Gilmar Mauro, olhando para esses números, alerta que a destruição da Amazônia vai construir um processo de desertificação no país. “A situação tende a piorar. Para parar de emitir gases, por exemplo, a humanidade precisaria abolir as tecnologias, como o automóvel e a utilização do petróleo. Destruir essas tecnologias causaria uma brutal contração econômica. Qual país do mundo faria isso?”.

Ele afirma que mesmo a Conferência das Partes (COP) dizendo que precisa diminuir as emissões, “nós não temos nenhum país do mundo que abriria mão dessas tecnologias. Ou seja, não vai ter diminuição de gases porque é da natureza e da lógica do capital produzir lucro, se expandir e acumular”.

Reforma Agrária Popular

Nesse sentido, Nilto Tatto explica que os setores do agronegócio que mais desmatam, queimam, que exploram os bens comuns da natureza é o setor que mais recebe investimento público e, por isso, “precisamos denunciar essa forma de funcionamento do Estado”. Do outro lado, “precisamos destacar que o modelo de agricultura que vai enfrentar a crise climática, é a agricultura familiar. E ela precisa desse investimento, de acesso a políticas públicas. Para isso acontecer, é preciso construir a Reforma Agrária.”

Mirian Nobre segue o mesmo caminho narrativo e afirma que “a Reforma Agrária Popular é um jeito de recuperar vida! Porque a agroecologia, que é o processo de obter e experimentar conhecimentos, é muito intenso nas relações pessoais e nas relações com a natureza”.

Além de apontar a Reforma Agrária como uma saída frente a crise climática, Tatto sinaliza também que é fundamental avançar na construção de “uma consciência ambiental”. Ele ilustra isso, ao sinalizar que a tragédia no Rio Grande do Sul provocou uma comoção nacional de solidariedade e o desafio é “como é que esse movimento, mobilização, pode gerar uma tomada de consciência?”. E continua: “precisamos canalizar esse movimento solidário para a política e para necessidade de mudança.
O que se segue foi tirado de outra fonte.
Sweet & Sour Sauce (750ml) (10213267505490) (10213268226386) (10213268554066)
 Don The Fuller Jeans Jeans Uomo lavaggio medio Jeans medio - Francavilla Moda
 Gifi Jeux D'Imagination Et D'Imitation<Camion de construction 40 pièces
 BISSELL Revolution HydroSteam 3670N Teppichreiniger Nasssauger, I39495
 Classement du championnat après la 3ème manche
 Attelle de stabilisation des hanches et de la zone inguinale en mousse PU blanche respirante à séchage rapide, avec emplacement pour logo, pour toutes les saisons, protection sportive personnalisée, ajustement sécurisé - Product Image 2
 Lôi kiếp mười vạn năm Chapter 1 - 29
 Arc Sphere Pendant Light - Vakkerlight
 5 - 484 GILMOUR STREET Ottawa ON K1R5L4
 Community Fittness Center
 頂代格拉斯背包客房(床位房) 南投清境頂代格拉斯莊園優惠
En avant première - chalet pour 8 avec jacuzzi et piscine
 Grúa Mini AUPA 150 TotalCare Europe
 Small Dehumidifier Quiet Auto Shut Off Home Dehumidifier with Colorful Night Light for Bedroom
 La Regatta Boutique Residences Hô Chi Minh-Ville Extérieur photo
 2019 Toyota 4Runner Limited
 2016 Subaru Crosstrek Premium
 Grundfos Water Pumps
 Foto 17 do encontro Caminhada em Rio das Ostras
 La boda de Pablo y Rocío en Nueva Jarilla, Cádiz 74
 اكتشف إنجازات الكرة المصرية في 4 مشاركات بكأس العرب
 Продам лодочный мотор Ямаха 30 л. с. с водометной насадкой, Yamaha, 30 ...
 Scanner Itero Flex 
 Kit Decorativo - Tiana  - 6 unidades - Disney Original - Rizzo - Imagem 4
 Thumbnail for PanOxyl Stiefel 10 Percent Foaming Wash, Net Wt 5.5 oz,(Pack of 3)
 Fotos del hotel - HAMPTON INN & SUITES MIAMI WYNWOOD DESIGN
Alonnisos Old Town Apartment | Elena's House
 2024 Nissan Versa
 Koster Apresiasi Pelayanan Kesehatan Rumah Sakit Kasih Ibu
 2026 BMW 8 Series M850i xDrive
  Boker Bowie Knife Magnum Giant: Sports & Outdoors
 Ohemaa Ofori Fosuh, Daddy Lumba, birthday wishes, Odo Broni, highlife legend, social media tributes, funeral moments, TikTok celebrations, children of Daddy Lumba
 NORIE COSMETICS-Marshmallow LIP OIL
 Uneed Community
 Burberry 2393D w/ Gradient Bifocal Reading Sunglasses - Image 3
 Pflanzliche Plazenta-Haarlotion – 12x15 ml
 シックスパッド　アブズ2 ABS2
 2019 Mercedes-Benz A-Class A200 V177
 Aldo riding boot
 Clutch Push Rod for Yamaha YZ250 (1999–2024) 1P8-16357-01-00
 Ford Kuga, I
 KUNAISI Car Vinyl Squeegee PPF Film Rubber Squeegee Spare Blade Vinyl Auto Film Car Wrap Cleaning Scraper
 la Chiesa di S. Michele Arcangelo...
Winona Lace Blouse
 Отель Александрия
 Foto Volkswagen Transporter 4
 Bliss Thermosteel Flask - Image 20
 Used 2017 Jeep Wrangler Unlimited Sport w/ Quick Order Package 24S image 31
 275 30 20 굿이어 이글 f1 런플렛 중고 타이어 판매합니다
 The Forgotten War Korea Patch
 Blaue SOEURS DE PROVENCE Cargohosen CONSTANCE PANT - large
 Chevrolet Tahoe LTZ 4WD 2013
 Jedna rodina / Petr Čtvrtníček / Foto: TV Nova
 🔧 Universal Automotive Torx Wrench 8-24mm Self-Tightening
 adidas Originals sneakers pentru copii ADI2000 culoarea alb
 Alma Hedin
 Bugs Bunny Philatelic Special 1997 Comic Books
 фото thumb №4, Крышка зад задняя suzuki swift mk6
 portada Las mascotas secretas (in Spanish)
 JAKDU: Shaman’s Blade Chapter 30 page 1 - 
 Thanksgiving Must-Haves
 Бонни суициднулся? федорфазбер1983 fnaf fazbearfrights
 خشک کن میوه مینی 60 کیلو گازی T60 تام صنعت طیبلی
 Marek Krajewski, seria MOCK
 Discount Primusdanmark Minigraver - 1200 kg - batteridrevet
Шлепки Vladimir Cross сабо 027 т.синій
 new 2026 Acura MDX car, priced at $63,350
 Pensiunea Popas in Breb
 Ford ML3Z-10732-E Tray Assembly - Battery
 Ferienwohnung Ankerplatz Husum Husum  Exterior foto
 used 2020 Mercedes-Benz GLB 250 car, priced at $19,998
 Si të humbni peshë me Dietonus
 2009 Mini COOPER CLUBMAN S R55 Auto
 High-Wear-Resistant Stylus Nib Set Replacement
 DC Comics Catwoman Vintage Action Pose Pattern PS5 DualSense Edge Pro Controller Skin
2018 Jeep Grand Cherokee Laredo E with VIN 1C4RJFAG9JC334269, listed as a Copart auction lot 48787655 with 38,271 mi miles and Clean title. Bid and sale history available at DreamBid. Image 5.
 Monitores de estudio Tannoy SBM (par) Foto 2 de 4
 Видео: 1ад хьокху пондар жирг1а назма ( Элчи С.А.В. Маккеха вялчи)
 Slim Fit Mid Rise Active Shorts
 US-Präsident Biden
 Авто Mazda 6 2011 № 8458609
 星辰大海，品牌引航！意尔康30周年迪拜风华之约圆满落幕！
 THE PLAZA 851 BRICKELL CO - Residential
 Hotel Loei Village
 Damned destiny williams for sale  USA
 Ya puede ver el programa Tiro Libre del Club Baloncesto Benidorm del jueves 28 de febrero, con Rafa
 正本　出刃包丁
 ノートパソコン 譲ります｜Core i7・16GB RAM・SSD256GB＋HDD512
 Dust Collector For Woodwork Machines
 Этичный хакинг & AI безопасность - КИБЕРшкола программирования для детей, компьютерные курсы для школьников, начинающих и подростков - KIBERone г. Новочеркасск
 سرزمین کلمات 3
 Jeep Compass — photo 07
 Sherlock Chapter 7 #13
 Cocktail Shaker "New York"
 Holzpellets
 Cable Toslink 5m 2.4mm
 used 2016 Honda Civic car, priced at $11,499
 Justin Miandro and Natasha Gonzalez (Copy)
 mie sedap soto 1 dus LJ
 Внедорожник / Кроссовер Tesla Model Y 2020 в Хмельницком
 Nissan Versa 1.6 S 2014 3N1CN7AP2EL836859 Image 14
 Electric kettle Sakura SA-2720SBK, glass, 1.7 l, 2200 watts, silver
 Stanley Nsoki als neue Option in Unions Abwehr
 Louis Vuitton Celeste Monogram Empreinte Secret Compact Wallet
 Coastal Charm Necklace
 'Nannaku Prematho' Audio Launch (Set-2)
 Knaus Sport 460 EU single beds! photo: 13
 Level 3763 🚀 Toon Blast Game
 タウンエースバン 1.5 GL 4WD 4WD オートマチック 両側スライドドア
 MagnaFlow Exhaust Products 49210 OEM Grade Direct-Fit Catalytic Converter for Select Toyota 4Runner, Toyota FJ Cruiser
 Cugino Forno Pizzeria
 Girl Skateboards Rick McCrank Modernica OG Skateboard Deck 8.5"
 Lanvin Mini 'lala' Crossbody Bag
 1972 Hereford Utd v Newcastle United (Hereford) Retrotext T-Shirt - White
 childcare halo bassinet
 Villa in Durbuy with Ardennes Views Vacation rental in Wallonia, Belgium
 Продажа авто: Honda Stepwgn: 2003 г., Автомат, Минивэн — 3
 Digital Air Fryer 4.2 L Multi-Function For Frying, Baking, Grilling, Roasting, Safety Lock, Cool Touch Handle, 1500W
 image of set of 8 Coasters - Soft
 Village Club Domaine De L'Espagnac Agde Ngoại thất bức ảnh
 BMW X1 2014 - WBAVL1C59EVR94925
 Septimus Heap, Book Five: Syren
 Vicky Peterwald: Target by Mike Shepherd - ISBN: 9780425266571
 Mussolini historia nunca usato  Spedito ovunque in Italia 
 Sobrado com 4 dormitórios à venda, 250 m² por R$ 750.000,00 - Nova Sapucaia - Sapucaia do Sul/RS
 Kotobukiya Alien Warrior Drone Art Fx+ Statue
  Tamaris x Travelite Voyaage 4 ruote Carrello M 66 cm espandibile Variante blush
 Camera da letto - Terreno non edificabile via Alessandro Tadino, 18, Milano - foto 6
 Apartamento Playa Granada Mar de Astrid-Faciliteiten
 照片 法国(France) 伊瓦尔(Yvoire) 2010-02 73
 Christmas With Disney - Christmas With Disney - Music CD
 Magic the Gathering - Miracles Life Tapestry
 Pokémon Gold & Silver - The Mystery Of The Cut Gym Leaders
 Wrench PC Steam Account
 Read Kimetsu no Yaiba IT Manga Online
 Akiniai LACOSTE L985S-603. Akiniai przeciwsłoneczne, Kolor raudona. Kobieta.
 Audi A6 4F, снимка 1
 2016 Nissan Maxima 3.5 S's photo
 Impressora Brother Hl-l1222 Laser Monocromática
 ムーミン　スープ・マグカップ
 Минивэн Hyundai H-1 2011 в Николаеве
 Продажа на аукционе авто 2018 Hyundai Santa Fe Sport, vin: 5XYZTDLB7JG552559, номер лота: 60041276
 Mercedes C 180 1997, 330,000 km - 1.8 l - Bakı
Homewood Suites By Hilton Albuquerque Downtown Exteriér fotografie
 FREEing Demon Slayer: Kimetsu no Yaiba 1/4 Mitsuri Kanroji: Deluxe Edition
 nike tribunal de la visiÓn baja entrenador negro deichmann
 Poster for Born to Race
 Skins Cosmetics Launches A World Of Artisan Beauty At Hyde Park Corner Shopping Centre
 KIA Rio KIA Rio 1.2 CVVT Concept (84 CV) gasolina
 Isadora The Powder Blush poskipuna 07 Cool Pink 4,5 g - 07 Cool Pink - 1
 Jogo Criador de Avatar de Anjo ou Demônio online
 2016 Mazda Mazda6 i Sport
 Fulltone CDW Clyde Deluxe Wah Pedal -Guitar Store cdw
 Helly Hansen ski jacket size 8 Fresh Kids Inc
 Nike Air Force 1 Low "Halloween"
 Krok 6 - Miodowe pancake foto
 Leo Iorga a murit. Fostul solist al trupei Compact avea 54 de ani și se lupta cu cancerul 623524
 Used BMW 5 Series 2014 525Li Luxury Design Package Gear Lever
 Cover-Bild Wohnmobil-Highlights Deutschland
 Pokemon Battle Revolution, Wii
É importante fazer esse debate porque temos um quadro da política nacional repleta de desafios”, enfatiza. 

Alimentação saudável frente à crise

“Quando estamos falando sobre as questões climáticas e, estamos sendo impactos por elas, temos a oportunidade de avançar nas reflexões coletivas em torno desse processo […]. Quando a gente [MST] decidiu dialogar com a população urbana sobre alimentação saudável, a gente decidiu também massificar a agroecologia. A gente precisa fazer isso, garantindo maior biodiversidade alimentar”, explica Carla Bueno.

Nessa linha, ela conta que a agroecologia tem múltiplas raízes e a mais importante é a que vem de nossas bases ancestrais de produção. Porque é essa base que posiciona o elemento arbóreo. “Ou seja, uma forma de produzir capaz de reposicionar a produção de alimentos sem derrubar árvores”, argumenta.

Tendo isso como plano de fundo, ela diz ainda que é necessário alterar o padrão de consumo e “nós queremos construir os mercados populares, capazes de fortalecer a produção local, baratear o preço e, para isso, é fundamental massificar a produção, a agroecologia, desenvolver um modelo que potencialize o cooperativismo e o associativismo”, desafia Bueno.

Esse conjunto de elementos políticos e ações concretas nortearam o debate da Conferência, que conseguiu ao final, reafirmar a luta popular como uma frente estratégica, necessária e, para isso, é fundamental que ocorram mobilizações no campo, através da ocupação de latifúndios, mas também na cidade, denunciando o agronegócio.